Alternate Wound Penalties Chart

This comes up occasionally on various socials, and I've been wanting to make a handy blog post to point to, for my own personal houserules about the matter.

Wound Penalties and how I handle them.

So, we all know the original chart for numerical penalties to actions performed by PCs on the basis of physical injuries they previously sustained, from page 124 of the K:DL Corebook.

I use those pretty much rules-as-written, but modified the numbers a little bit. This caused me to make an alternative version of the chart itself, in order to easily present the slight increase in granularity... and vehemence.

You can see it here:



So your first Serious Wound gives you a -1 modifier to any rolls, ongoing until the wound has been stabilized or healed.

The second Serious Wound you suffer will increase this penalty to -2, with the same conditions as above.

(Wounds that have been stabilized - even if not healed - do not count for this consideration of "Is it two or more Wounds?", only non-stabilized ones do. Naturally though, stabilized Wounds can always reopen, especially when engaging in hurried and/or rowdy physical action, and, say, rolling a (-9) for something wild or risky... And when the stitches tear and your bandages start soaking red, or when that improvised splint breaks and your bone starts cracking again... Well then the Wound very much counts once more!)

The same would happen if you got a Critical Wound right away: -2 to any actions for which it makes sense that the injury could hinder you in your performance. And since this category of Wounds has such lovely examples given for it in the corebook such as: punctured lung, severed aorta, ruptured eyeball, or spinal cord damage, amongst others - well, let's just say it may be most rolls that could reasonably be affected...

Here I am already being a little more harsh than the corebook is with its -1 for a Critical.

The final step, then, aggravates it to -3, when you have both Serious and Critical Wounds. I feel this reasonable for such a messed up state of physical health. Also, perhaps I just like my players to suffer and despair. But what can I say?
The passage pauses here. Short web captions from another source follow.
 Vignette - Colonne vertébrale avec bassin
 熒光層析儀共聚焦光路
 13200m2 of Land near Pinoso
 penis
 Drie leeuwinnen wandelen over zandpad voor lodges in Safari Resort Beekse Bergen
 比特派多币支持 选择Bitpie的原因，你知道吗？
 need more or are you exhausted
The game - and especially all sorts of combat and violence in it - is supposed to be harsh and brutal, after all.

 

A note on crunch - If you're wondering about the level of severity this adds, and whether you'd want it in your game, here's some maths if it helps:

So, I wanted to know what a +1 modifier would do in K:DL's 2d10 system, in percentages, so I crunched the numbers (which is rather easy, since for a roll of 2d10 there's exactly 100 possible outcomes. So that maps to percentages very nicely. And it turns out that a +1 bonus (or penalty) will affect the rolled result in exactly 15% of all possible rolls. 
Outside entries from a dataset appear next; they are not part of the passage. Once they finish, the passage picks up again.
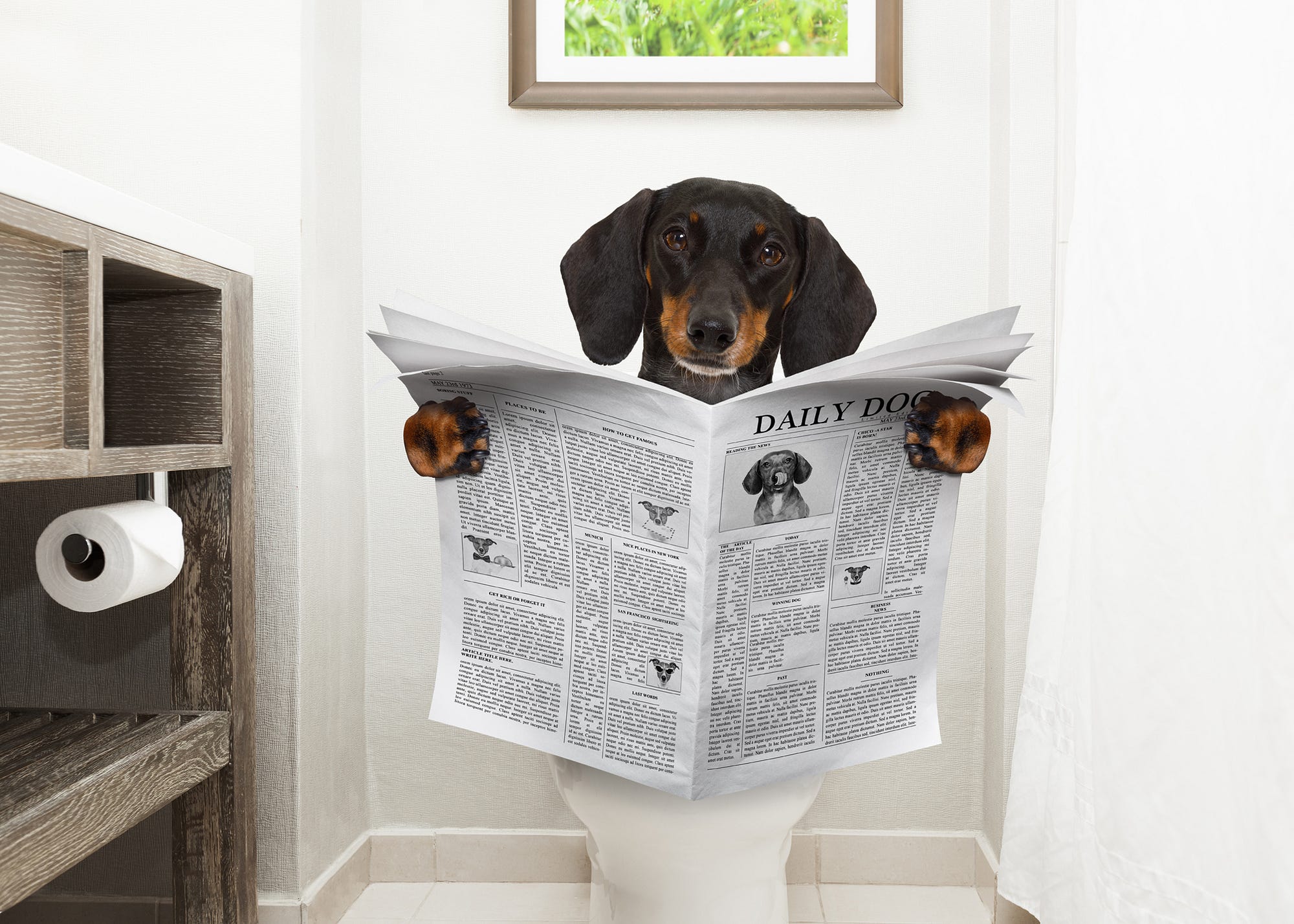 Don't Flush Your Pets Poo Down The Loo, Vet Warns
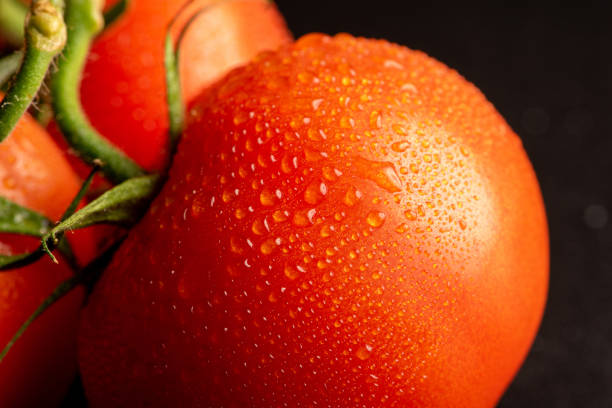 istock Tomatoes, beautiful tomatoes with water drops arranged on a dark surface, selective focus. 1364466103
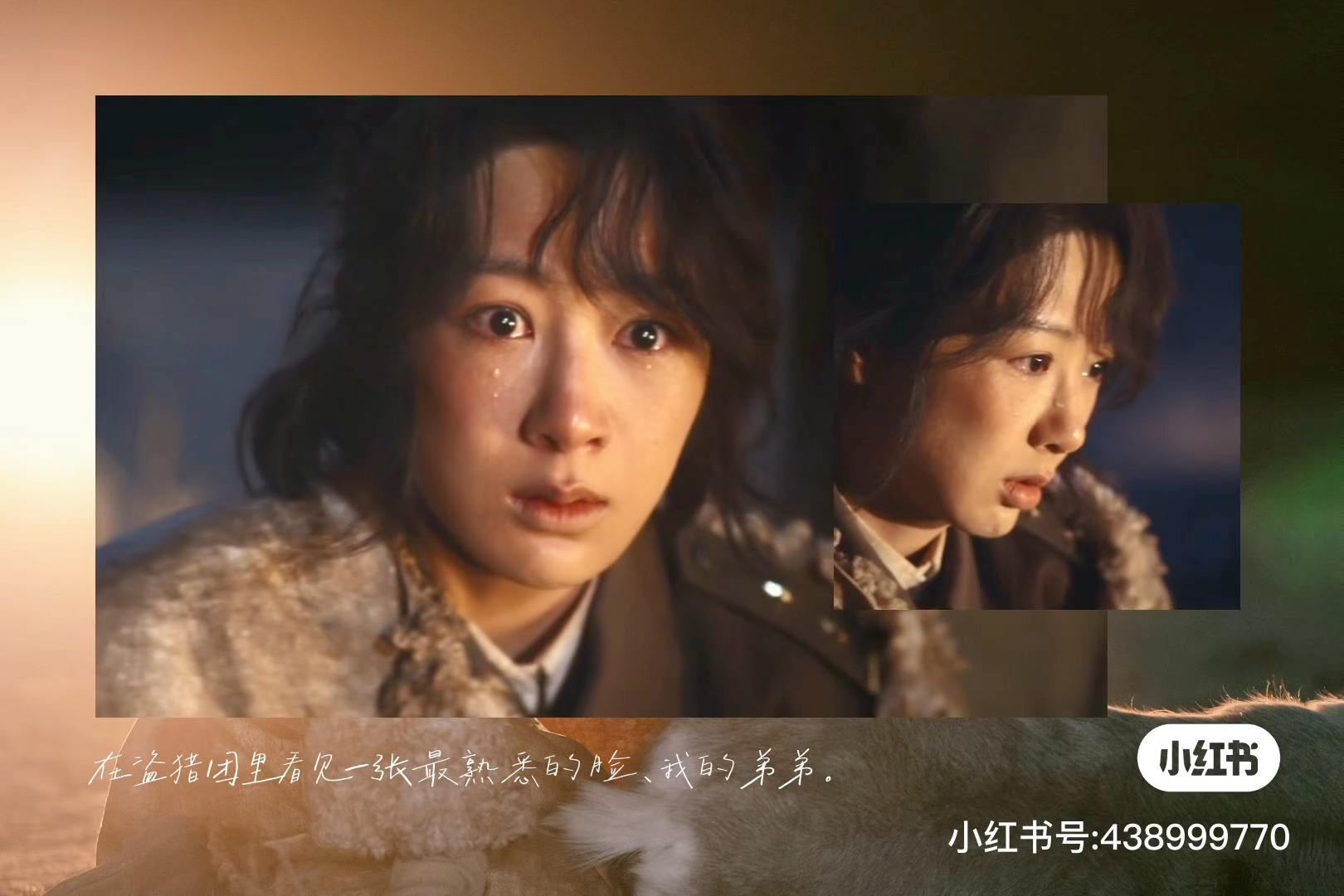生命树央一重播口碑大剧《生命树》登陆央视一套重播，再度和广大观众见面。作为聚焦高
By "affect the result" I mean that this single modifier makes the difference between either a full success and a partial, or a partial and a miss. In other words, the question was "How often does a +1 penalty end up turning my 9 into a 10, or my 14 into a 15?"
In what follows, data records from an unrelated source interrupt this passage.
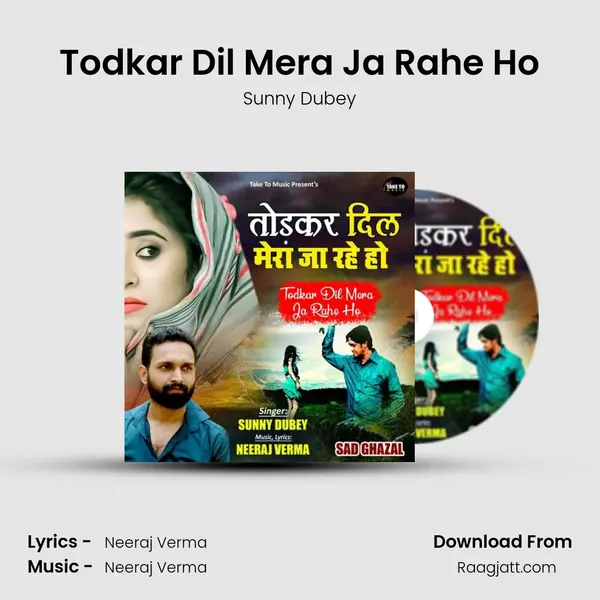 Todkar Dil Mera Ja Rahe Ho - Sunny Dubey mp3 song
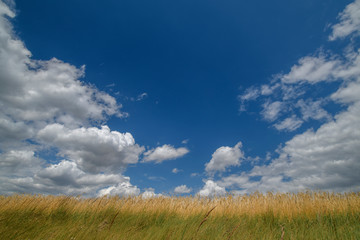 Fototapeta premium Cereal and field against the sky and clouds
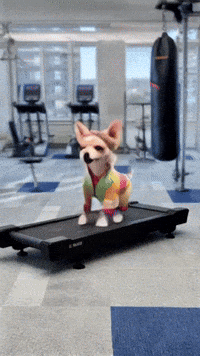 Chihuahuas Dogslovers GIF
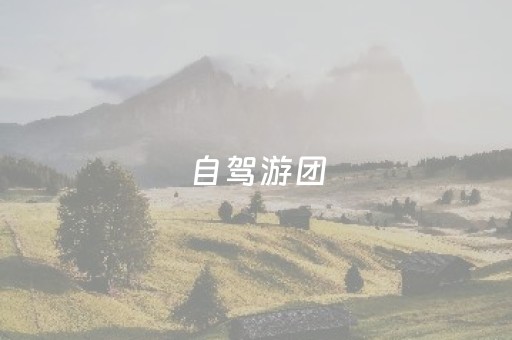 自驾游团（自驾游团队名字）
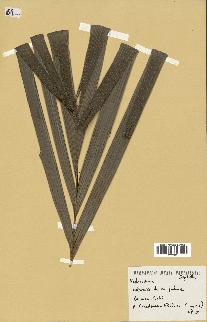 spécimen de Nephrosperma van-houtteanum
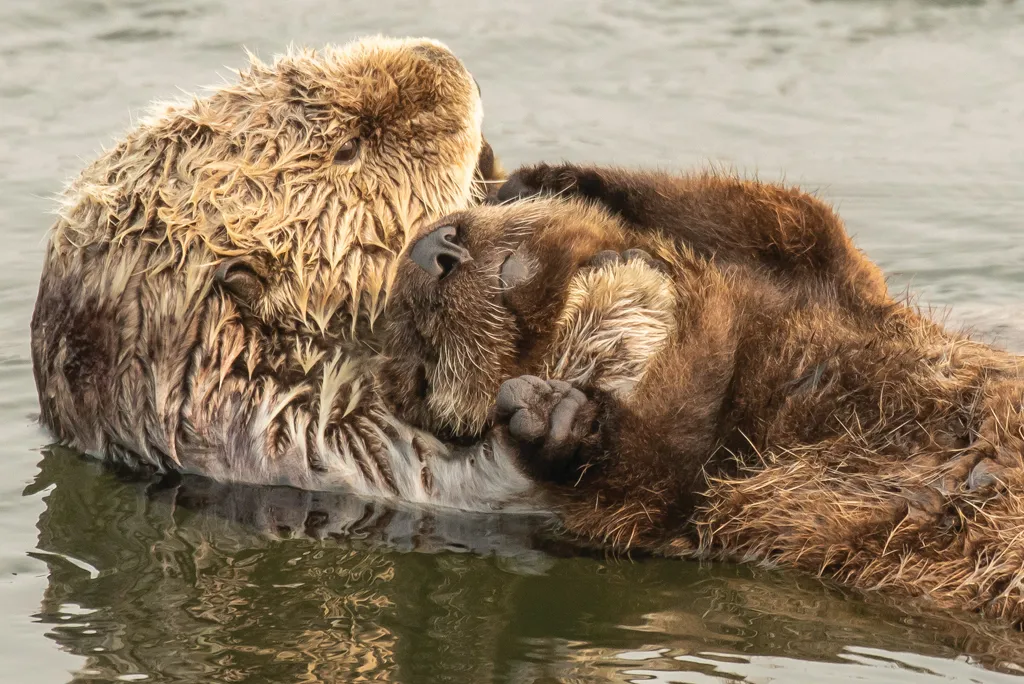 Southern sea otter mother and pup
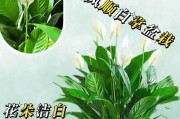 水培红掌的养护技巧（打造绿色健康家居，）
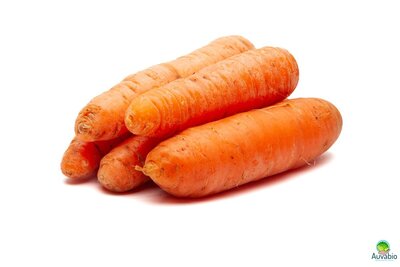 Carottes lavées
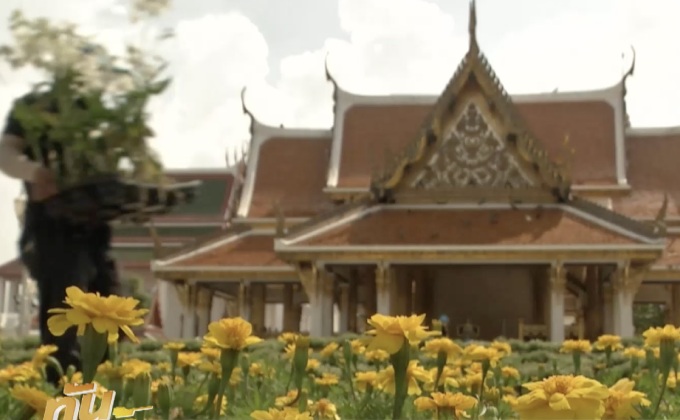 ประดับดอกไม้งดงามทั้งถนนราชดำเนิน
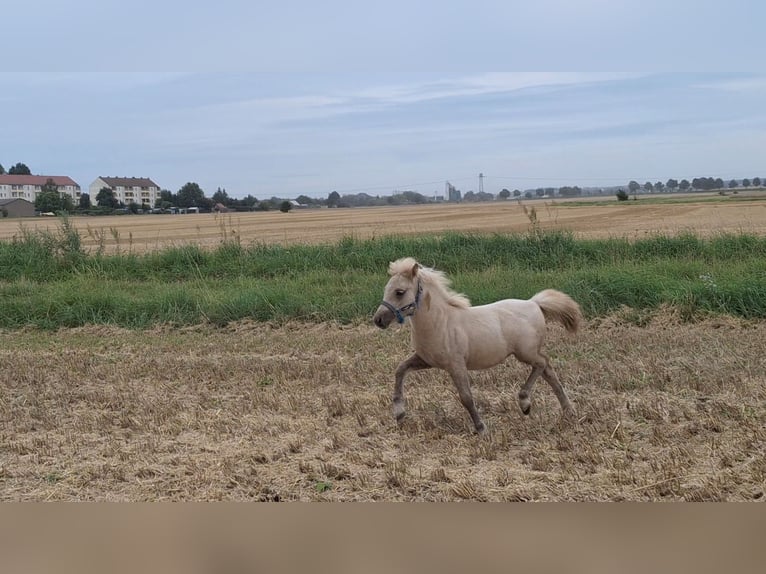 Shetland Ponies Mare Foal (05/2025) 10,1 hh Palomino in Ebersbach Shetland Ponies Mare Foal (05/2025) 10,1 hh Palomino in Ebersbach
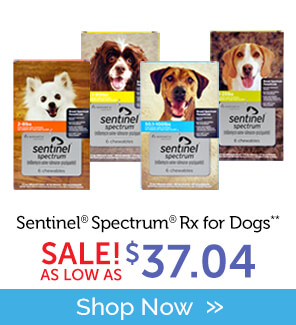 Buy Sentinel Spectrum Rx for Dogs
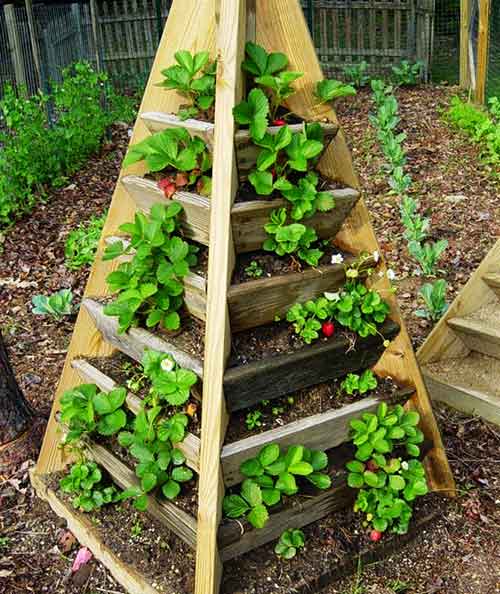 High beds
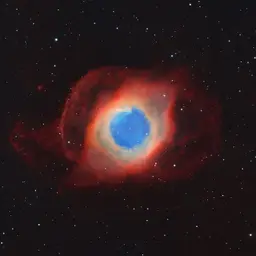 Xenyx's Profile Picture
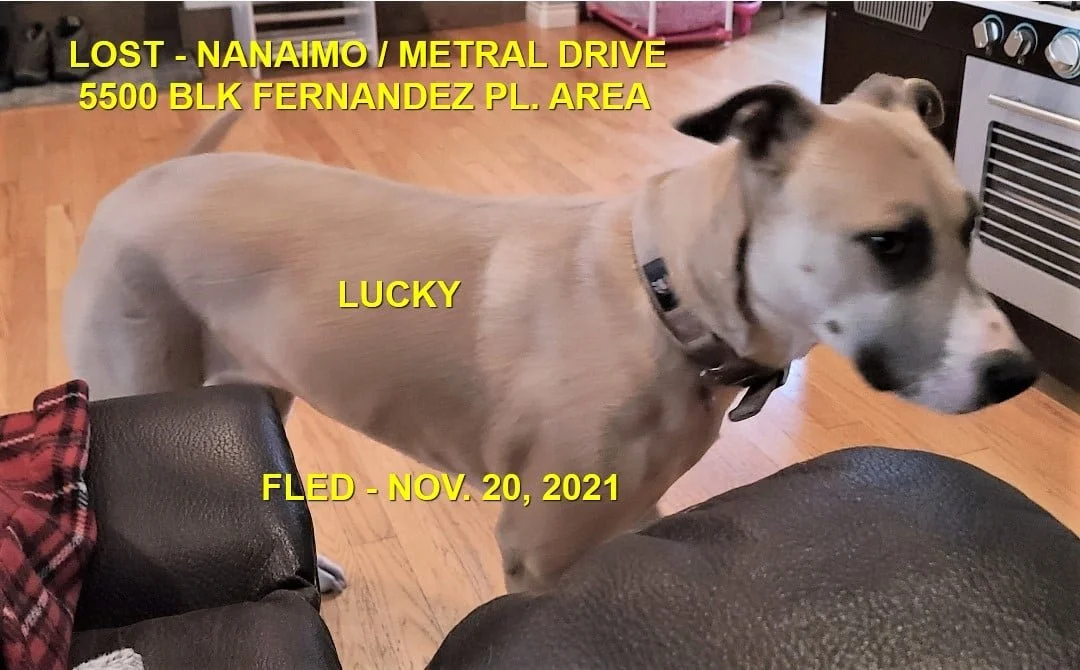 HAPPY ENDINGS - NANAIMO BC - LUCKY - NOV. 20, 2021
And the answer is, 15% of the time. 

(This remains true also when you factor in Attribute bonuses, it only becomes slightly less at extreme values, such as at a +4 Attribute, another +1 bonus will increase your result only around 13% of the time. Attributes of -3 or lower are likewise affected. But for our purposes here, that is largely negligible. Let's just operate on the assumption of "+/-15% for every +/-1 bonus/penalty".)

So a -3 penalty adds up to 45%. That's how often your combined Serious and Critical Wounds will reduce your 10 to a 7, your 11 to an 8, your 12 to a 9, your 15 to a 12, your 16 to a 13, or your 17 to a 14.

So the question one can ask themselves when pondering whether to use the original chart or the above depicted one, is basically this: Do I feel that "Oh man, 15% are plenty and 30% is properly hurtful?" 

Or can I get on board with "Yes, a really badly mangled person should when acting under duress be performing less well than normally around half the time they try to do something ambitious, complicated, or dangerous?

My game, my table? Solidly in the latter camp. Your table? Your call!


She says she wants to playtest her new homebrew damage rules.
What do you do?

 

A bit later, after a couple games with the above table, I had another idea, and wanted to see if it could be incorporated into it.

I made a second version of my chart from above, which features a little extra twist I came up with:

 


Numerically, this is the exact same as the one shown above - except for the addition of the new modifier to See Through The Illusion. 

I found this enjoyable for two reasons: 

- it fits that Basic Move's trigger, when you suffer shock, injury, or distort your perception through drugs or rituals..., and thus is just too sweet of an opportunity to pass up for making move snowballs and mechanically funnel the fiction into driving towards my GMing Agenda: Tear back the Illusion to reveal the True Reality behind it.

- it mirrors the thing that happens from Stability at its lowest levels, so I feel that neatly ties together the Madness and Death aspects of these two mechanical subsystems. 


I've been using this one in my games ever since, but am sad to have to report that it hasn't yet triggered in an actual game. Hmmm, could it be because I'm still being too nice to my players... Perhaps I should punish them even harder... Yes, that must be it!

Excuse me while I go cook up some new depravities and mutilations for them to suffer through.

Be back to you soon with the next update!